Hi. Our project’s Types.hs isn’t particularly big currently, it’s 239 lines, has 11 types (mostly newtypes) and 5 functions. It has substantial number of “deriving” clauses, but nothing that you’d expect to blow things up.

Unfortunately, compilation of that module (as listed by stack build) takes quite a long time, very noticeable compared to others, memory usage is higher as well.

I was wondering, what is the state of tools, currently available, to get more detailed information on which stages exactly are taking time? Is there any tooling available, that is somewhat more high-level than to try to build GHC itself with profiling?

Ideally, I’d like to understand if there’s something I can do, by means of either reorganizing the code, or by putting more hand-written instances, that would lighten up compilation times.

Thank you!

5 Likes

I should add two things. First, I’ve found --ghc-options="-v2" flag that indeed gives more info, it confirms that this module’s “simplification” is taking much longer, but that isn’t particularly useful.

Another is that I’ve searched GHC WIki but failed to find anything related.

1 Like

Unfortunately, deriving clauses are exactly one of the things that can blow up GHC compile times. Splitting this module out over multiple files, or handwriting some instances may help.
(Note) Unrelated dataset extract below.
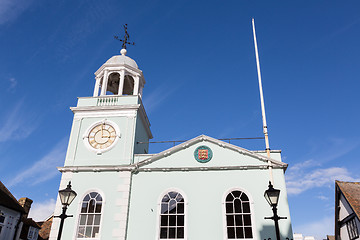 Image showing Market Hall in Faversham Kent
It also depends on the deriving strategies – plain GeneralizedNewtypeDeriving is usually very fast, but deriving instances through DeriveGeneric can be painful.

2 Likes

There was a recent blog post about “Eventful GHC”. It avoids having to recompile GHC with profiling, but it does require recompiling GHC, to enable the new events.
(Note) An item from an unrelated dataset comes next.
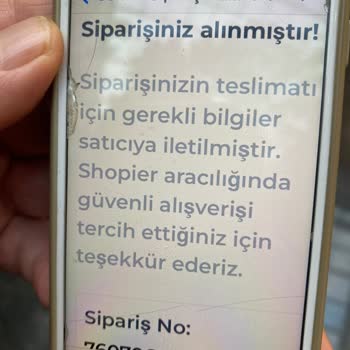 Babamın Adına Yanlış Sipariş Ve Kimlik Çalınma Şüphesi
Myself, I have this compilation performance puzzle that I should investigate. When indulging in complex type-level shenanigans, compilation slows down significantly when an expression is given a top-level binding with an explicit type signature. If the expression is in a local binding with an inferred type, things are faster.

3 Likes

For those interested, I think I’ve found a major contributor for the compilation time in my particular case by an accident.
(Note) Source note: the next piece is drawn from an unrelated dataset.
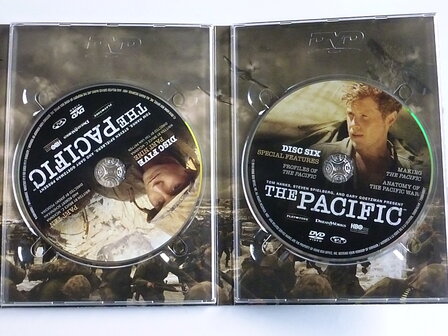 The Pacific - Tom Hanks, Steven Spielberg (6 DVD)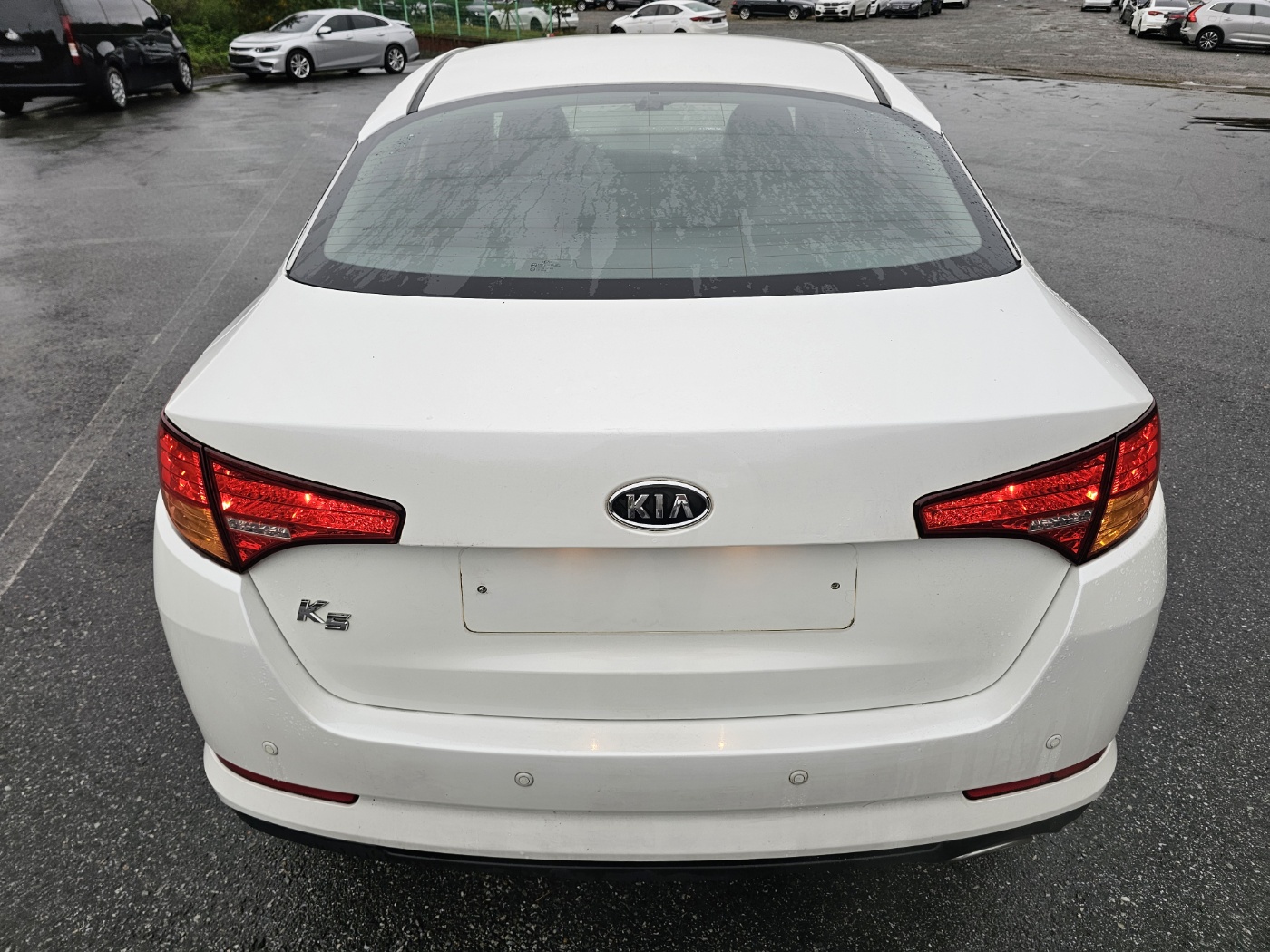 2011 Kia K5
I’ve found that the bug is happening not only on a commercial project I’m working on, but also in a relatively small open-source one I’m making. Here’s the module that is taking quite a long time to compile: https://gitlab.com/k-bx/meetup/blob/master/backend/meetup/src/Le/Types.hs

I have another codebase that’s based on this one but is fairly larger, and that codebase doesn’t have the compilation time as bad, which gave me a hint on what’s happening. Long story short: the part that’s slowing things down is the story around import Data.Time.Zones.DB (TZLabel). Even though there’s no instance derivation happening in the module, I believe that somehow importing the type, which has lots of constructors is slowing the compilation down.

Just as an experiment, I’ve commented out the import and removed the TZLabel usage everywhere, here are the full project compilation times before and after:

# before:
make fast  36.31s user 2.89s system 148% cpu 26.360 total
# after removing the import of TZLabel from Types.hs:
make fast  19.24s user 1.56s system 152% cpu 13.654 total

Just to add more info, it’s not the import itself, but the

instance J.ToJSON TZLabel where                                                                                                                                                                                                                                                                                    
  toEncoding = J.genericToEncoding (jsonOpts 0)                                                                                                                                                                                                                                                                    

code that’s bringing the extra compilation time

Perhaps relevant GHC ticket is #5642: “Deriving Generic of a big type takes a long time and lots of space”.